How does PHP 'foreach' actually work?
Let me prefix this by saying that I know what foreach
is, does and how to use it. This question concerns how it works under the bonnet, and I don't want any answers along the lines of "this is how you loop an array with foreach
".
For a long time I assumed that foreach
worked with the array itself. Then I found many references to the fact that it works with a copy of the array, and I have since assumed this to be the end of the story. But I recently got into a discussion on the matter, and after a little experimentation found that this was not in fact 100% true.
Let me show what I mean. For the following test cases, we will be working with the following array:
$array = array(1, 2, 3, 4, 5);
foreach ($array as $item) {
echo "$item
";
$array[] = $item;
}
print_r($array);
/* Output in loop: 1 2 3 4 5
$array after loop: 1 2 3 4 5 1 2 3 4 5 */
This clearly shows that we are not working directly with the source array - otherwise the loop would continue forever, since we are constantly pushing items onto the array during the loop. But just to be sure this is the case:
foreach ($array as $key => $item) {
$array[$key + 1] = $item + 2;
echo "$item
";
}
print_r($array);
/* Output in loop: 1 2 3 4 5
$array after loop: 1 3 4 5 6 7 */
This backs up our initial conclusion, we are working with a copy of the source array during the loop, otherwise we would see the modified values during the loop. But...
If we look in the manual, we find this statement:
When foreach first starts executing, the internal array pointer is automatically reset to the first element of the array.
Right... this seems to suggest that foreach
relies on the array pointer of the source array. But we've just proved that we're not working with the source array, right? Well, not entirely.
// Move the array pointer on one to make sure it doesn't affect the loop
var_dump(each($array));
foreach ($array as $item) {
echo "$item
";
}
var_dump(each($array));
/* Output
array(4) {
[1]=>
int(1)
["value"]=>
int(1)
[0]=>
int(0)
["key"]=>
int(0)
}
1
2
3
4
5
bool(false)
*/
So, despite the fact that we are not working directly with the source array, we are working directly with the source array pointer - the fact that the pointer is at the end of the array at the end of the loop shows this. Except this can't be true - if it was, then test case 1 would loop forever.

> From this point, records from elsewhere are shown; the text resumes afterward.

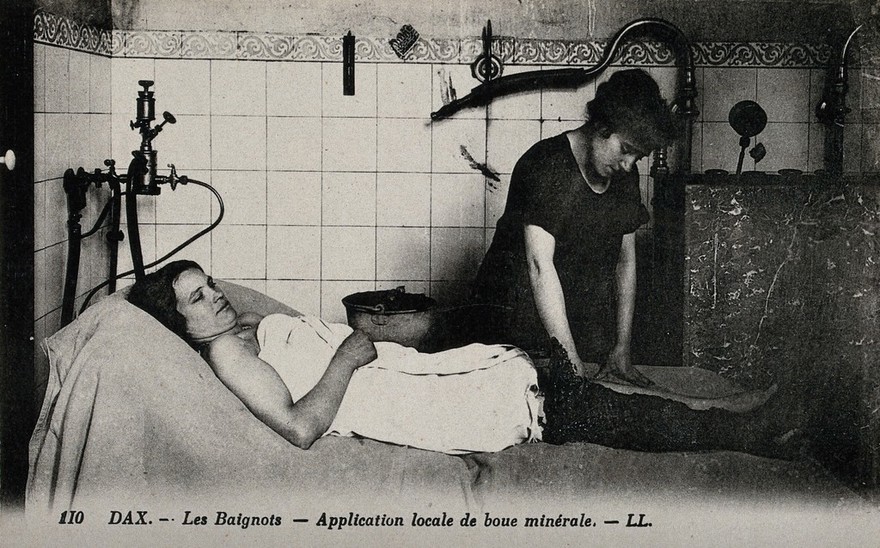 Dax, France: mud being applied on the leg of a patient of a thermal establishment. Photographic postcard, ca. 1920.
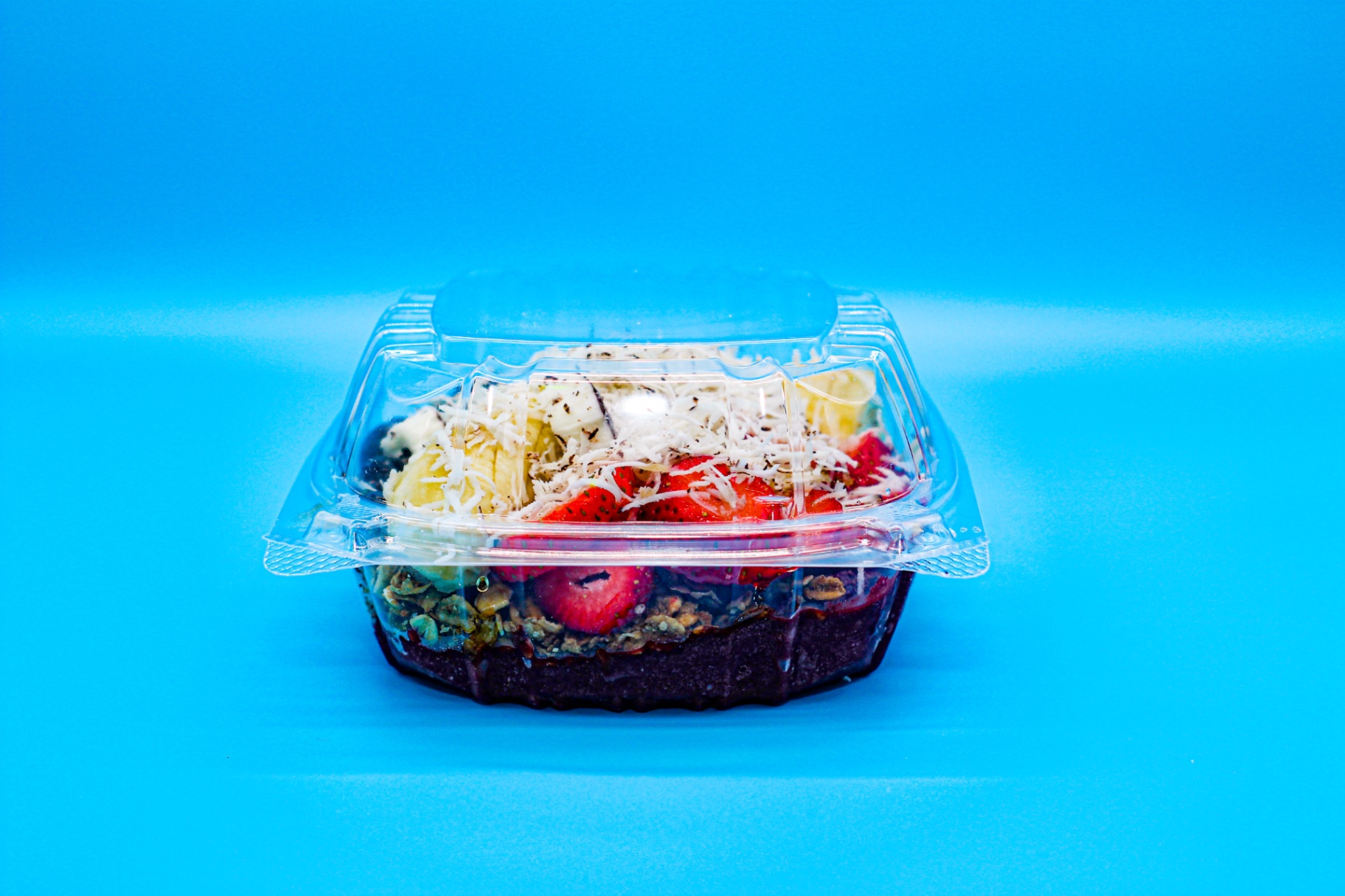 Acai bowl with granola, banana and strawberries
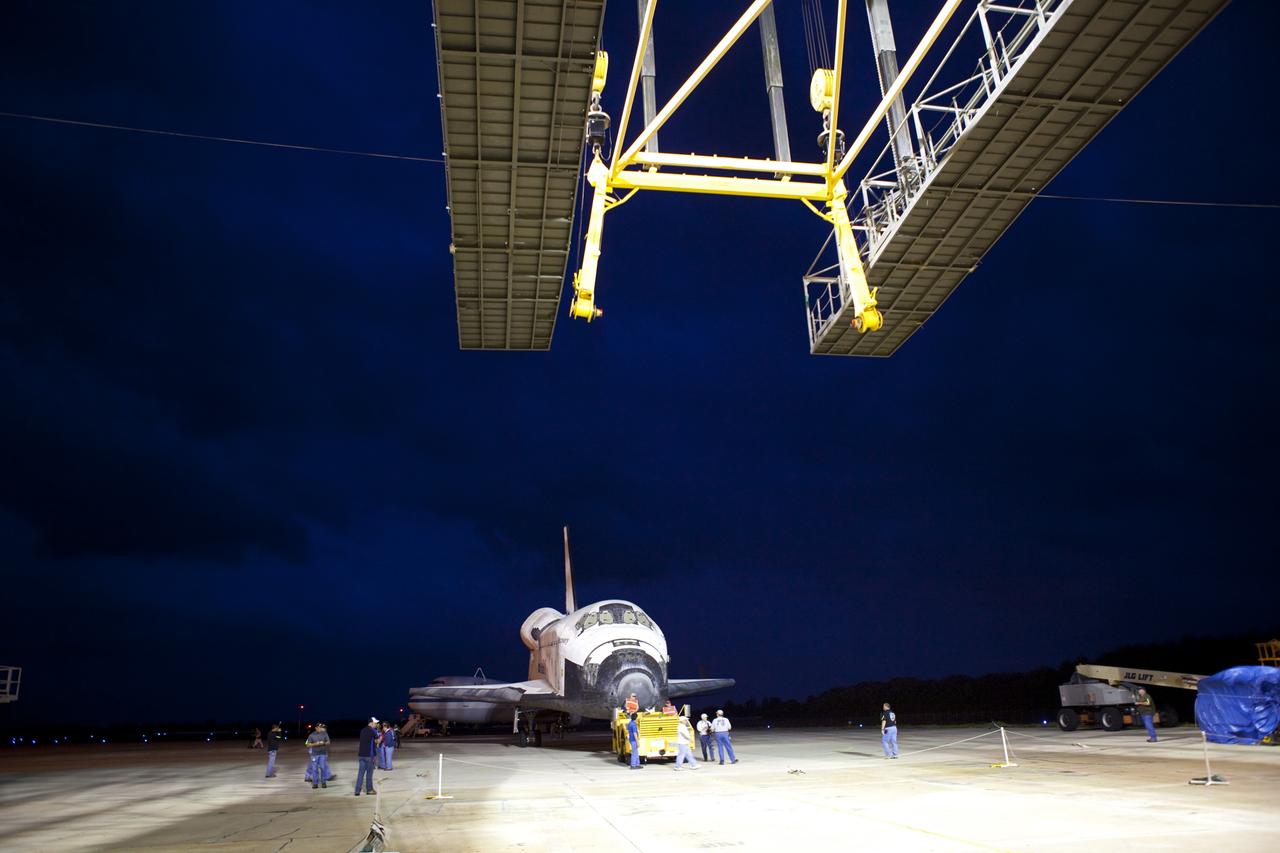 CAPE CANAVERAL, Fla. – Space shuttle Discovery is towed into position beside the mate-demate device, or MDD, at the Shuttle Landing Facility at NASA’s Kennedy Space Center in Florida. The MDD is a large gantry-like steel structure used to hoist a shuttle off the ground and position it onto the back of a Shuttle Carrier Aircraft, or SCA. The SCA is a Boeing 747 jet, originally manufactured for commercial use, which was modified by NASA to transport the shuttles between destinations on Earth. The SCA designated NASA 905 is assigned to the remaining ferry missions, delivering the shuttles to their permanent public display sites. Discovery’s new home will be the Smithsonian's National Air and Space Museum Steven F. Udvar-Hazy Center in Chantilly, Va. For more information on the SCA, visit http://www.nasa.gov/centers/dryden/news/FactSheets/FS-013-DFRC.html. For more information on shuttle transition and retirement activities, visit http://www.nasa.gov/transition. Photo credit: NASA/Dimitri Gerondidakis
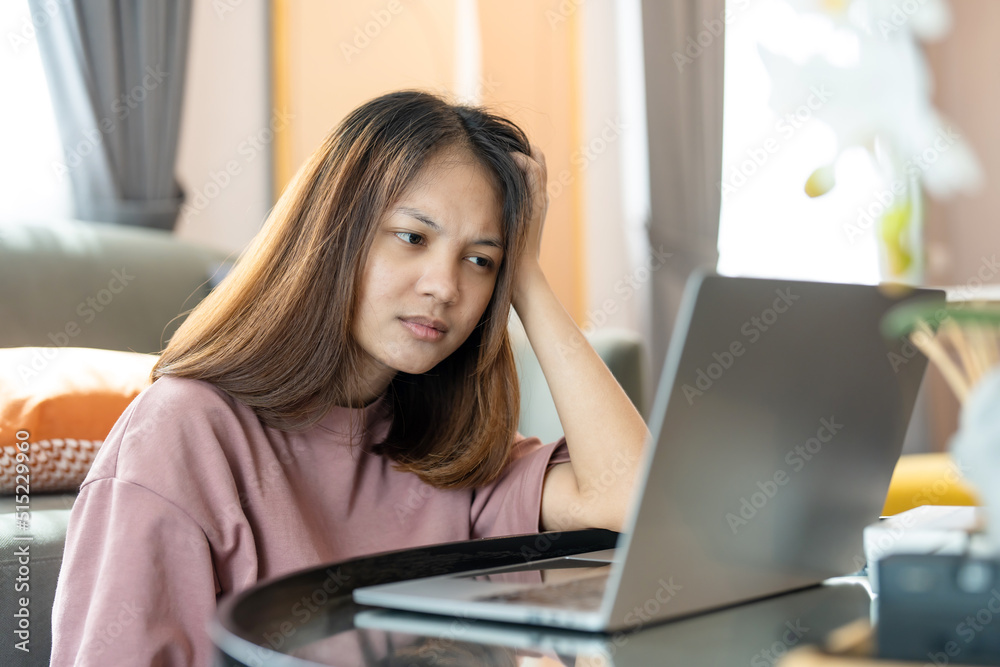 young Asian woman is studying online in front of her laptop computer and typing a message. She showed signs of thinking by using her left hand to support her hold. Work from home. young Asian woman is studying online in front of her laptop computer and typing a message. She showed signs of thinking by using her left hand to support her hold. Work from home.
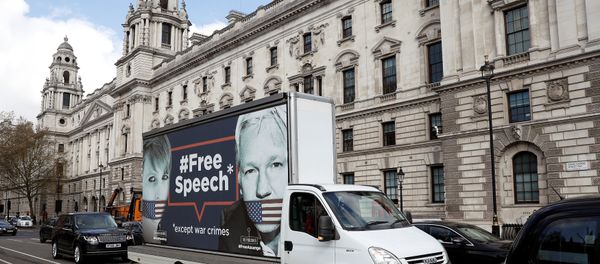 A truck carrying a poster relating to WikiLeaks founder Julian Assange, who has been living at Ecuador's embassy in London, drives through London, Britain April 3, 2019 A truck carrying a poster relating to WikiLeaks founder Julian Assange, who has been living at Ecuador's embassy in London, drives through London, Britain April 3, 2019 - Sputnik International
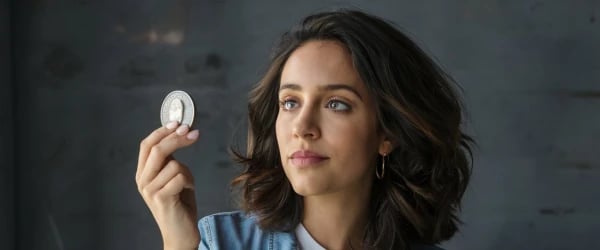 A Woman Trying to Identify a Coin
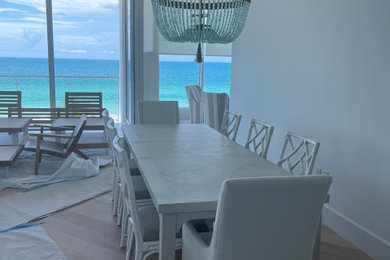 Dining room - coastal dining room idea in Miami
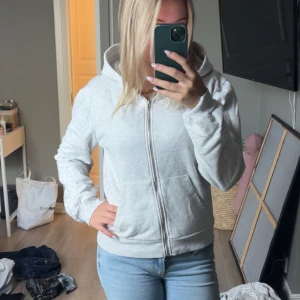 Ljusgrå hoodie med dragkedja - Säljer en ljusgrå hoodie med dragkedja framtill och huva. Tröjan har långa ärmar, ribbade muddar och två fickor fram. Perfekt för chill dagar eller när du vill ha något bekvämt och enkelt. Passar dig som gillar en clean och basic stil.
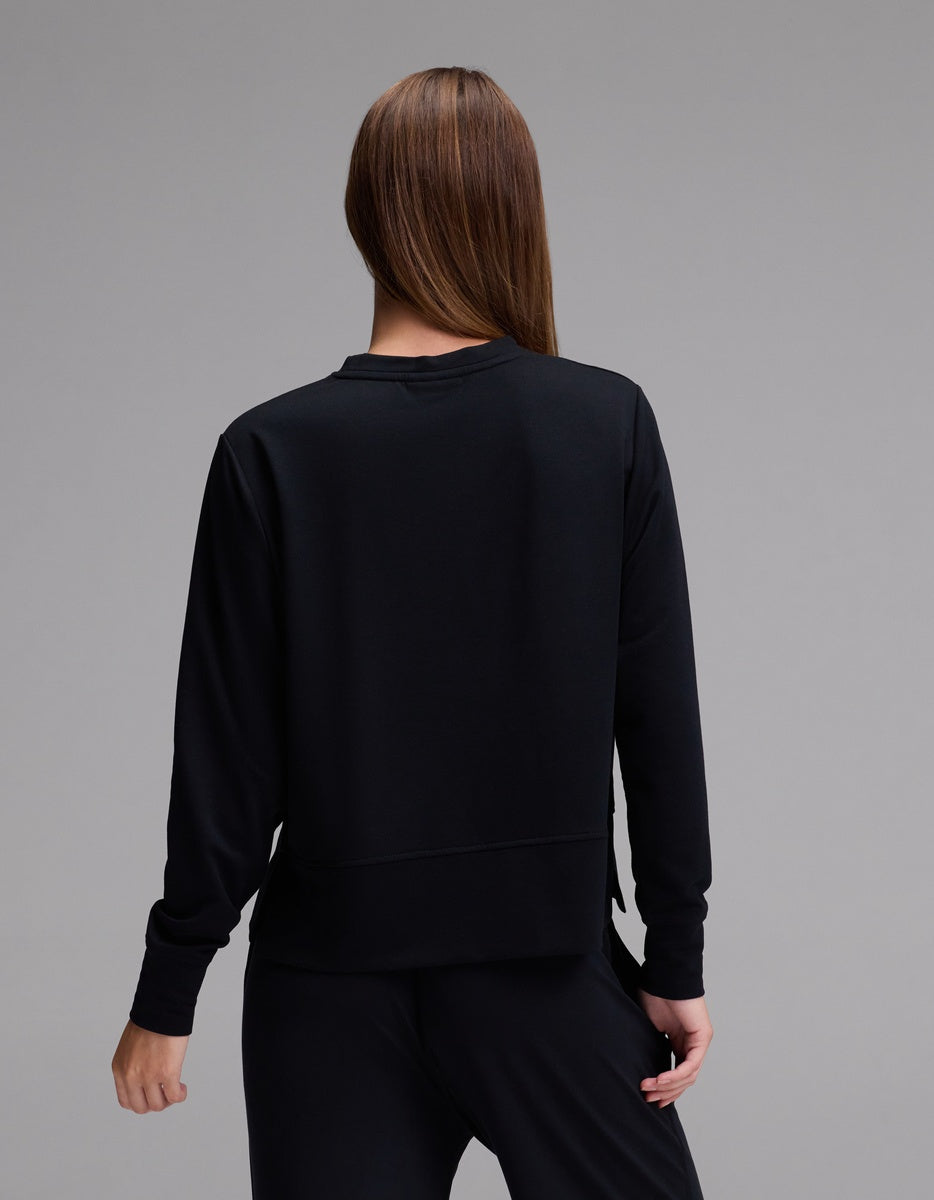 A person with long brown hair, wearing the Cozy Earth Women’s StudioLite Crewneck in black and matching black pants, stands facing away from the camera against a plain gray background.|Color:Jet Black
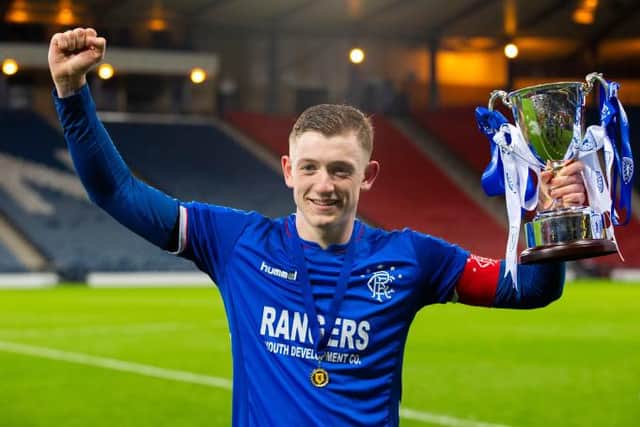 Rangers' Daniel Finlayson lifts the 2019 Scottish Youth Cup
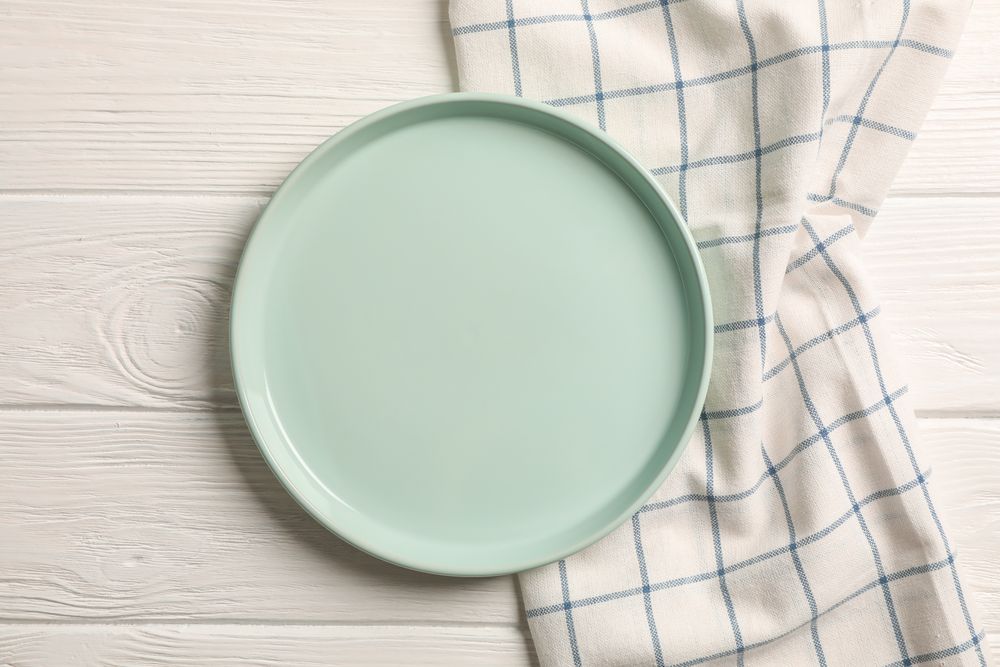 Kitchen towel with plate on wooden background, top view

The PHP manual also states:
As foreach relies on the internal array pointer changing it within the loop may lead to unexpected behavior.
Well, let's find out what that "unexpected behavior" is (technically, any behavior is unexpected since I no longer know what to expect).
foreach ($array as $key => $item) {
echo "$item
";
each($array);
}
/* Output: 1 2 3 4 5 */
foreach ($array as $key => $item) {
echo "$item
";
reset($array);
}
/* Output: 1 2 3 4 5 */
...nothing that unexpected there, in fact it seems to support the "copy of source" theory.
The Question
What is going on here? My C-fu is not good enough for me to able to extract a proper conclusion simply by looking at the PHP source code, I would appreciate it if someone could translate it into English for me.
It seems to me that foreach
works with a copy of the array, but sets the array pointer of the source array to the end of the array after the loop.
- Is this correct and the whole story?
- If not, what is it really doing?
- Is there any situation where using functions that adjust the array pointer (
each()
,reset()
et al.) during aforeach
could affect the outcome of the loop?